# I need a reboot disk for Tajima TEHX-C1501



## Stan Dodson (Jan 14, 2011)

I need a reboot disk for a Tajima TEHX-C1501 bought in 2003. I need the disk from that time frame. I have gone to Hirsch for the last year trying to get help but have gotten very poor customer service. The reboot disk they did provide is a new one and it has made my machine sew things that aren't in the designs. I sent my designs to Wilcom and had them evaluate them. They said what is sewing out is not in the design and it has to be something in the reboot that is causing it. Anyone have an older reboot disk?

I am also looking for a repair person for the Colorado Springs, Colorado area.


----------



## CHURROMAN (Oct 26, 2016)

Sorry to read this but i have a similar error and cannot get the software to reboot.....do you still have the machine with you_
mine is same model but is 2005.
The one with the big display that works with windows ce.
5 years since you posted it looks.... Hope you can receive this and answer.


----------



## EmbroidTek1 (Sep 27, 2016)

CHURROMAN said:


> Sorry to read this but i have a similar error and cannot get the software to reboot.....do you still have the machine with you_
> mine is same model but is 2005.
> The one with the big display that works with windows ce.
> 5 years since you posted it looks.... Hope you can receive this and answer.


I have the software for your machine and can help you reboot. Send me a private message and I will give you my number.


----------



## giovanni (Feb 4, 2017)

Hi i'm having a similar problem, i have de disk but not the manual and i dont know how to reboot it, haw it's done?


----------



## EmbroidTek1 (Sep 27, 2016)

giovanni said:


> Hi i'm having a similar problem, i have de disk but not the manual and i dont know how to reboot it, haw it's done?


Ir's a long process to reboot the software and the parameters. Normally I have to walk someone through it verbally.


----------



## CSTUEDLE (Mar 8, 2013)

EmbroidTek1 said:


> Ir's a long process to reboot the software and the parameters. Normally I have to walk someone through it verbally.


My machine was purchased new in 2003 and ran great until life got in the way and it sat unused for years. I purchased a gotek emulator for it but, it will not recognize it. My husband put the original floppy drive back in but, it gives only error messages just like for the usb drive. Start up by SET button plus POWER ON gives message of INSTALLING . I don't know where to go from there. Please help me get this machine alive again, it has been sitting idle for too many years. 
Thanks for any help


----------



## EmbroidTek1 (Sep 27, 2016)

CSTUEDLE said:


> My machine was purchased new in 2003 and ran great until life got in the way and it sat unused for years. I purchased a gotek emulator for it but, it will not recognize it. My husband put the original floppy drive back in but, it gives only error messages just like for the usb drive. Start up by SET button plus POWER ON gives message of INSTALLING . I don't know where to go from there. Please help me get this machine alive again, it has been sitting idle for too many years.
> Thanks for any help


You have to hit Set + F3. Also you have to use a 720KB DD Floppy Disk not 1.44 or it will not load. If you need my help inbox me.


----------



## CSTUEDLE (Mar 8, 2013)

EmbroidTek1 said:


> You have to hit Set + F3. Also you have to use a 720KB DD Floppy Disk not 1.44 or it will not load. If you need my help inbox me.

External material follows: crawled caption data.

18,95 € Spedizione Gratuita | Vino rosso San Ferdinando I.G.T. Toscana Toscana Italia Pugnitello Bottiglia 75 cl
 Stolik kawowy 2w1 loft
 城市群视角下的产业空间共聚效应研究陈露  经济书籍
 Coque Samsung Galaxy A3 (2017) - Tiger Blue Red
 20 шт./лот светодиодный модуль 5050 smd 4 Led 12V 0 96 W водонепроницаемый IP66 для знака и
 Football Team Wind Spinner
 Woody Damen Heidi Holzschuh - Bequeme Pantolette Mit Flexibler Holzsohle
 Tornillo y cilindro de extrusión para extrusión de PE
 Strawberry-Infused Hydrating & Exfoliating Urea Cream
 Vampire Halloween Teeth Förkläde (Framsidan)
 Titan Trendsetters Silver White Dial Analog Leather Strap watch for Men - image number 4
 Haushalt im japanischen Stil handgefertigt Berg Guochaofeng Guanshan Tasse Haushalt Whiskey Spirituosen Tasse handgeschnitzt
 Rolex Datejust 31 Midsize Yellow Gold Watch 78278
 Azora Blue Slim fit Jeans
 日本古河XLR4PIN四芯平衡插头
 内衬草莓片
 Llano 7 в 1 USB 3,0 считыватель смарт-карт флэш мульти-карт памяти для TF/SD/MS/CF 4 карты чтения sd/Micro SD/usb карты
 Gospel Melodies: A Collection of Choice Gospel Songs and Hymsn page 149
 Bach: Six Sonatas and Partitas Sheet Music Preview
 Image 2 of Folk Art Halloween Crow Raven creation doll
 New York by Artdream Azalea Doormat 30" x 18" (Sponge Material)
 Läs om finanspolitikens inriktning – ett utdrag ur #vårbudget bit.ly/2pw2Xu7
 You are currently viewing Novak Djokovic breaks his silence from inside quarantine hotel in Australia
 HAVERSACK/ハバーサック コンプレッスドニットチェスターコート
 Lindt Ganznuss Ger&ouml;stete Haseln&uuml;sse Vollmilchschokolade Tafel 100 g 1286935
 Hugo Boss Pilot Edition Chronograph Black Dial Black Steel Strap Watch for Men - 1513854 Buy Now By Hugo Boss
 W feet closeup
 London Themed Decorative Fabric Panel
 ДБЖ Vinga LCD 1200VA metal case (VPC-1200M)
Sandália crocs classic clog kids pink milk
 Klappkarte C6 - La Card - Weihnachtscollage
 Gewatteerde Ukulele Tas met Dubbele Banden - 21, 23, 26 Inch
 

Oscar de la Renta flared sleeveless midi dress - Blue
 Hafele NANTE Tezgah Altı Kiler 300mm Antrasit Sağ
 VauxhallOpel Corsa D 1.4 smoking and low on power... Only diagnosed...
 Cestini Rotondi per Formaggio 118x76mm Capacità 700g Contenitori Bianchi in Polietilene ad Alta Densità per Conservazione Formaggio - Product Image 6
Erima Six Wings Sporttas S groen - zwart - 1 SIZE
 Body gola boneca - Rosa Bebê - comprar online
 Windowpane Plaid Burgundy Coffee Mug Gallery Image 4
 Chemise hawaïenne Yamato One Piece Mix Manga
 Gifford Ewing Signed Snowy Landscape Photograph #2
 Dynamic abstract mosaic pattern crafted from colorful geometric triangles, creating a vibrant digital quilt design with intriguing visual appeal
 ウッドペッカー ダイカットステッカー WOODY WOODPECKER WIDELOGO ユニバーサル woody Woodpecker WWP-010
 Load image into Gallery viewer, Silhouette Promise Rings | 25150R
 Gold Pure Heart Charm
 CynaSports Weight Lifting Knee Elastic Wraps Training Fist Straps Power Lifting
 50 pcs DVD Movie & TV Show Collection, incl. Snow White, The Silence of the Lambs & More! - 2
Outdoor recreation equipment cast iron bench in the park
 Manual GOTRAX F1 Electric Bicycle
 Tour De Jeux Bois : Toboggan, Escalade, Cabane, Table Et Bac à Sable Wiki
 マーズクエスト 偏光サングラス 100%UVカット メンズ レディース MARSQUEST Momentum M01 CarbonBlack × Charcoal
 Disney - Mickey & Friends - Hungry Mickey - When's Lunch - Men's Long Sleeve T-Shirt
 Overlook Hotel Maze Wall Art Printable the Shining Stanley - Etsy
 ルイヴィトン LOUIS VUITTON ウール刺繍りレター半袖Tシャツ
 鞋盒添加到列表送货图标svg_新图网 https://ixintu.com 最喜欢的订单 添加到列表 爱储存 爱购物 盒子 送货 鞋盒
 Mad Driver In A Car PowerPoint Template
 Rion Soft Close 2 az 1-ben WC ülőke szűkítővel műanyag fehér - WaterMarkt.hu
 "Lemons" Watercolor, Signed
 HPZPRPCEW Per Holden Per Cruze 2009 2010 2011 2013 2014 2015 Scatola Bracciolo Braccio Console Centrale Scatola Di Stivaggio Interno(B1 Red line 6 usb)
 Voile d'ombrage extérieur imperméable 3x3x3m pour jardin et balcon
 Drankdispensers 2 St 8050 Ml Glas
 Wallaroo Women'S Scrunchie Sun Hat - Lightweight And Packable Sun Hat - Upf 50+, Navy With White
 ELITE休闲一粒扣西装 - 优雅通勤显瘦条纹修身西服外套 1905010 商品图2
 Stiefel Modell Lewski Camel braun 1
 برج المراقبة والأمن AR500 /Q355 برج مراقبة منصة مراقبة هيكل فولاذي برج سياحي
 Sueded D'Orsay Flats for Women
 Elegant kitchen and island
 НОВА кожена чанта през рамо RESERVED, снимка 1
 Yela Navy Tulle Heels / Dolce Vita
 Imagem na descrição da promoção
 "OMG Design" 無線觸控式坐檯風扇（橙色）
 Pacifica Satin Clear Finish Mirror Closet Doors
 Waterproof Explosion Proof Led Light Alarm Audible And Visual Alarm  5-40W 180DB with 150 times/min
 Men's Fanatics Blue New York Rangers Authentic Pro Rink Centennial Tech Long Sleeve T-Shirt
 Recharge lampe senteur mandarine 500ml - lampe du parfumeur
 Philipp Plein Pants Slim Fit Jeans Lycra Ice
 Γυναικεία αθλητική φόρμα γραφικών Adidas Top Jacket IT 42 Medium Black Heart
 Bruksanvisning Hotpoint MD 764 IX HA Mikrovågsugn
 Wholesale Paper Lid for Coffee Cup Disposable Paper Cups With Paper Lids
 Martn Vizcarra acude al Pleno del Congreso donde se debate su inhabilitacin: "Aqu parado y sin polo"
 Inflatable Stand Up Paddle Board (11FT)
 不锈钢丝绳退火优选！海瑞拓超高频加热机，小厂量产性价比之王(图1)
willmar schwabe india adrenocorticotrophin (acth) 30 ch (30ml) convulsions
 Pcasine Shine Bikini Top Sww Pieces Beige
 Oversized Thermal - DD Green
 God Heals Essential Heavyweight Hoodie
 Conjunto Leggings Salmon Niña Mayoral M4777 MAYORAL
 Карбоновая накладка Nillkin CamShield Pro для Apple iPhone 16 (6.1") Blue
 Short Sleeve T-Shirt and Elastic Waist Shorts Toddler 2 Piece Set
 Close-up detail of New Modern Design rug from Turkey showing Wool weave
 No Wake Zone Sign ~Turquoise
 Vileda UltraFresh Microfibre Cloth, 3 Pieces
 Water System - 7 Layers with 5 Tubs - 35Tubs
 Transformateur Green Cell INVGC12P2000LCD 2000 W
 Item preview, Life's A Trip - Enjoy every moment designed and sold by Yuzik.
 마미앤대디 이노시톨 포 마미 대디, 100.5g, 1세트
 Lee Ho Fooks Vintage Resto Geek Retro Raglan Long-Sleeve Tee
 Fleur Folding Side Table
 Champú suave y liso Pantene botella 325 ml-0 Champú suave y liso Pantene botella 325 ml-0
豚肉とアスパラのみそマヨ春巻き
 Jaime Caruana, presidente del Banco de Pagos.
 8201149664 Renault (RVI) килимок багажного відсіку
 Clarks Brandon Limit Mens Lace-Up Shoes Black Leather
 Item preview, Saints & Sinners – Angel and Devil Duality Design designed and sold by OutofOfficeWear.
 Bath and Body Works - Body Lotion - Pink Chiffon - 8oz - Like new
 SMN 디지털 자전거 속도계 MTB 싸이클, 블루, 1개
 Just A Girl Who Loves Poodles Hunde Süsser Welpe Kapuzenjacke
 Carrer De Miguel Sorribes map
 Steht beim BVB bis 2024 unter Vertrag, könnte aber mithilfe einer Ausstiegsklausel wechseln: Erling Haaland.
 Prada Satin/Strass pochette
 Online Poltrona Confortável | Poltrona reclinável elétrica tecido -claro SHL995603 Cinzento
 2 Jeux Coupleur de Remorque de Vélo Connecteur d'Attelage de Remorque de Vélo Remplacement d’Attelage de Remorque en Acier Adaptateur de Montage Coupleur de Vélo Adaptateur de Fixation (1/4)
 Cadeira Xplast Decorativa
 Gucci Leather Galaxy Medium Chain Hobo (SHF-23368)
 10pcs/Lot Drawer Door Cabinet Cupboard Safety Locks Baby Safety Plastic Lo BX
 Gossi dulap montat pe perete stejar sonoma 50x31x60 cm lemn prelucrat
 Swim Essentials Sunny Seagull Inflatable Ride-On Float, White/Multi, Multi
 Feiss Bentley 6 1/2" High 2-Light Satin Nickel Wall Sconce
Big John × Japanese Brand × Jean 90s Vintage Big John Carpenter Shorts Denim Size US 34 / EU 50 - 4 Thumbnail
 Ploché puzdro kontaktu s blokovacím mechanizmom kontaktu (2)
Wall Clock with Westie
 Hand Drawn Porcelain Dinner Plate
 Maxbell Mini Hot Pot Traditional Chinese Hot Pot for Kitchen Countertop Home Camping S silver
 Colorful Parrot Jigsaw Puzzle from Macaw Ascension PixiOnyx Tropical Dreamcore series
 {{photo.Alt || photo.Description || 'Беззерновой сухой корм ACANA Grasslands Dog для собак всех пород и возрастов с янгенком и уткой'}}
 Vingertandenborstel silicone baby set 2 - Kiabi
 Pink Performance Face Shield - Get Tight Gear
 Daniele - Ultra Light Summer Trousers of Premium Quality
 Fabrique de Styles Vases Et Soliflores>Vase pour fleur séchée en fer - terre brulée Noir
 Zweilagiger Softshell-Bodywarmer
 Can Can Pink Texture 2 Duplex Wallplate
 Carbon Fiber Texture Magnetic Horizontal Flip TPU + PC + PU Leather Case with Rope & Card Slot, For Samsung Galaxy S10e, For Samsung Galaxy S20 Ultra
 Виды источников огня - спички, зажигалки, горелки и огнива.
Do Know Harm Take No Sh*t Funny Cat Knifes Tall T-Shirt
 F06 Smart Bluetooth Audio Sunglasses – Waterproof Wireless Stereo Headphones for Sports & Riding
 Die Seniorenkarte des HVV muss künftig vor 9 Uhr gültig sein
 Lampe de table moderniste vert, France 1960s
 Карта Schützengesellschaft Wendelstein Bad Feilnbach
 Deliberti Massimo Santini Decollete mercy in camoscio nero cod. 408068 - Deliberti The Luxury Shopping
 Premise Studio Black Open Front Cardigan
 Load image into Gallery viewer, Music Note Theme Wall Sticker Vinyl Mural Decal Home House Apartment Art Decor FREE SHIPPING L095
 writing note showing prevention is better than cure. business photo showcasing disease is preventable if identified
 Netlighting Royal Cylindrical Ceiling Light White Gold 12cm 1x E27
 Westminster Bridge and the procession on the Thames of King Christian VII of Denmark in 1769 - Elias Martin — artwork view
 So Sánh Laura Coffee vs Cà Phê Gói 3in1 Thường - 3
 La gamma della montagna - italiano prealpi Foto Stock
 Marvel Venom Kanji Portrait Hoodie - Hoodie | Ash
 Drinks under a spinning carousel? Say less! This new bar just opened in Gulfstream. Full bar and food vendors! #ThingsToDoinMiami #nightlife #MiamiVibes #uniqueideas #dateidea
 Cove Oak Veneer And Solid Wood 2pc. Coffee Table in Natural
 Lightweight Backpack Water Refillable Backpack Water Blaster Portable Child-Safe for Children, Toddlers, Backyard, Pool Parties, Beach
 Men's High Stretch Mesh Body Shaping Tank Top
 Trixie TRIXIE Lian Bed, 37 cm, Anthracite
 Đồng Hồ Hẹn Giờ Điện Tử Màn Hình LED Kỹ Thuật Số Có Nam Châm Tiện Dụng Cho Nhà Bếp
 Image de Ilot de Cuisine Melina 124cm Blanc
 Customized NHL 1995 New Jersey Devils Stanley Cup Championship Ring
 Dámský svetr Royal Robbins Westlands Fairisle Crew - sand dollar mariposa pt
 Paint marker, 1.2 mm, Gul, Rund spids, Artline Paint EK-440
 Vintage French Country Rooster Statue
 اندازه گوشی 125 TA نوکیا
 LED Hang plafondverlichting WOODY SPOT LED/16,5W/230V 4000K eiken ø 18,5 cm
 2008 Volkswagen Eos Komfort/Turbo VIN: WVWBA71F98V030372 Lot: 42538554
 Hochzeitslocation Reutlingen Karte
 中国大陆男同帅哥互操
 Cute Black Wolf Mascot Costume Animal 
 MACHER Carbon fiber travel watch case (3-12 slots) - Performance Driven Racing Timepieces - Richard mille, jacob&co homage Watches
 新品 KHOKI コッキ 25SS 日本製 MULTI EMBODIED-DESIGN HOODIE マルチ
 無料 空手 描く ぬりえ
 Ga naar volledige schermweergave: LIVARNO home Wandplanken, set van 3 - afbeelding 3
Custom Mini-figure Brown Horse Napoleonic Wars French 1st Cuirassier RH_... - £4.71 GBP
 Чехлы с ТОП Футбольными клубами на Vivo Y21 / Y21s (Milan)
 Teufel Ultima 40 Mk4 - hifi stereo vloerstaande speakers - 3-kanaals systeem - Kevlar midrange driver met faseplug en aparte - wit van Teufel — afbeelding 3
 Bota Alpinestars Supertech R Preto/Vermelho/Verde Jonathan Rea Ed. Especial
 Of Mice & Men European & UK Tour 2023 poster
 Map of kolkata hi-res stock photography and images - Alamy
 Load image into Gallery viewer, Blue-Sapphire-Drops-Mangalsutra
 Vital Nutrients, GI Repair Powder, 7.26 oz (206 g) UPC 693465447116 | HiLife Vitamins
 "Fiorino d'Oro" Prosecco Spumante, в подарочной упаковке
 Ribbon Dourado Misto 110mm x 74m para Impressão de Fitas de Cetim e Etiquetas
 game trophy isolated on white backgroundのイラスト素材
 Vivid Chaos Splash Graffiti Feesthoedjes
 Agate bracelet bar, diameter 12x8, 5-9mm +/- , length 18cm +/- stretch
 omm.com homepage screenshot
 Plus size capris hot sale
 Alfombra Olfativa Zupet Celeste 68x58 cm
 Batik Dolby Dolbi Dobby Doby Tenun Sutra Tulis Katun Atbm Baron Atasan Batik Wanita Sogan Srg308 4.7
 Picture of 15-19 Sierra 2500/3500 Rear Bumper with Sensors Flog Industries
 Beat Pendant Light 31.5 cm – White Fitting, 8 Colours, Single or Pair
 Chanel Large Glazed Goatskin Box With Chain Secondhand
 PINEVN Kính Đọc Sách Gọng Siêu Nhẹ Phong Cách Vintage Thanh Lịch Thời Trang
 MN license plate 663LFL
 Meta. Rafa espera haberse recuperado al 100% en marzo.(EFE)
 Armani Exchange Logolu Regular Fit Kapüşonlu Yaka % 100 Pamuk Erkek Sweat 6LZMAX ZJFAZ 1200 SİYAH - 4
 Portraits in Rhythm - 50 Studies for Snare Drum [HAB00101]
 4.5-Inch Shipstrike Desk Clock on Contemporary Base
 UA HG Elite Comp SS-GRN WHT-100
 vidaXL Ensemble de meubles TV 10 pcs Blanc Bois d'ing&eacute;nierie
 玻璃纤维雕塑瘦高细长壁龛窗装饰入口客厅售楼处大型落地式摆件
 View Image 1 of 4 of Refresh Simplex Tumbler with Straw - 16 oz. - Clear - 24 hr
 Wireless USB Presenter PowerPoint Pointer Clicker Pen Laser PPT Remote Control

I have always used 1.44 floppies........I still get [(B01)] or [(B04)] message after using power-on plus set + F3

Thanks, I will do that. I will include my husband so that we will have both brains working on it.
Thanks so much.


----------



## Xpmax626 (Jan 2, 2022)

EmbroidTek1 said:


> I have the software for your machine and can help you reboot. Send me a private message and I will give you my number.


Hi I have a single head tajima c1501 2007 
It starts but then the screen goes black and the power button stays red blinking .
It also says missing operating system


----------